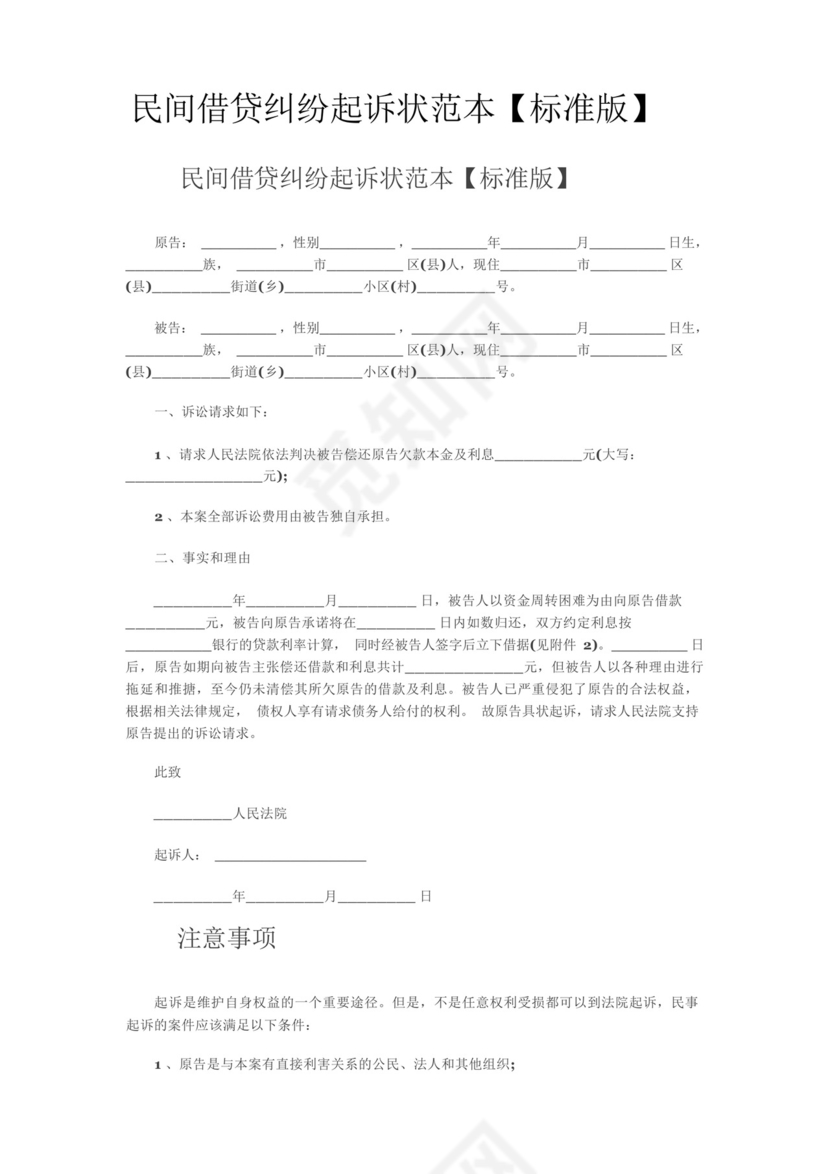 民间借贷纠纷起诉状范本.docx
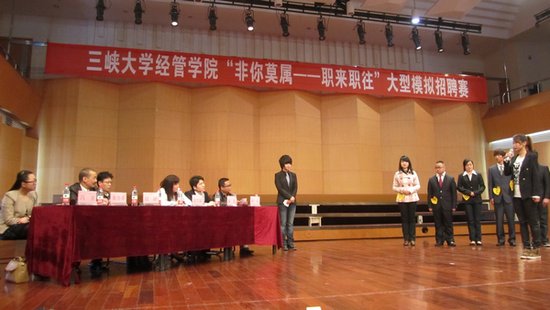 三峡大学招聘_三峡大学2018级新生 最新最全的报到攻略请收藏(3)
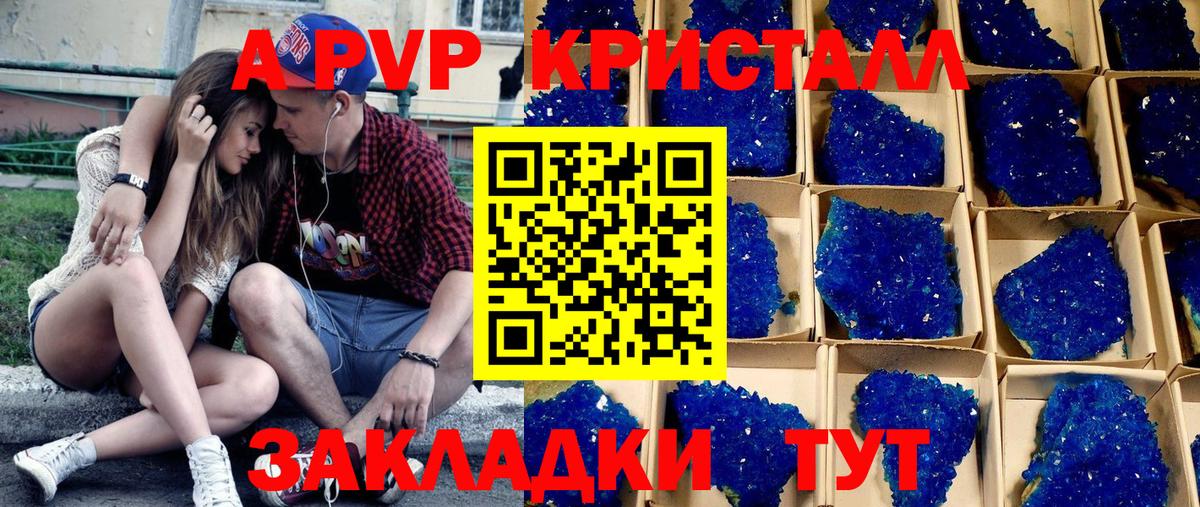 А ПВП  А ПВП СК КРИС  Вход с VPN  APVP крисы CK  Дубна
* * * *
Take the data above and repeat it exactly, leaving each picture out.

 民间借贷纠纷起诉状范本.docx
 三峡大学招聘_三峡大学2018级新生 最新最全的报到攻略请收藏(3)
 А ПВП  А ПВП СК КРИС  Вход с VPN  APVP крисы CK  Дубна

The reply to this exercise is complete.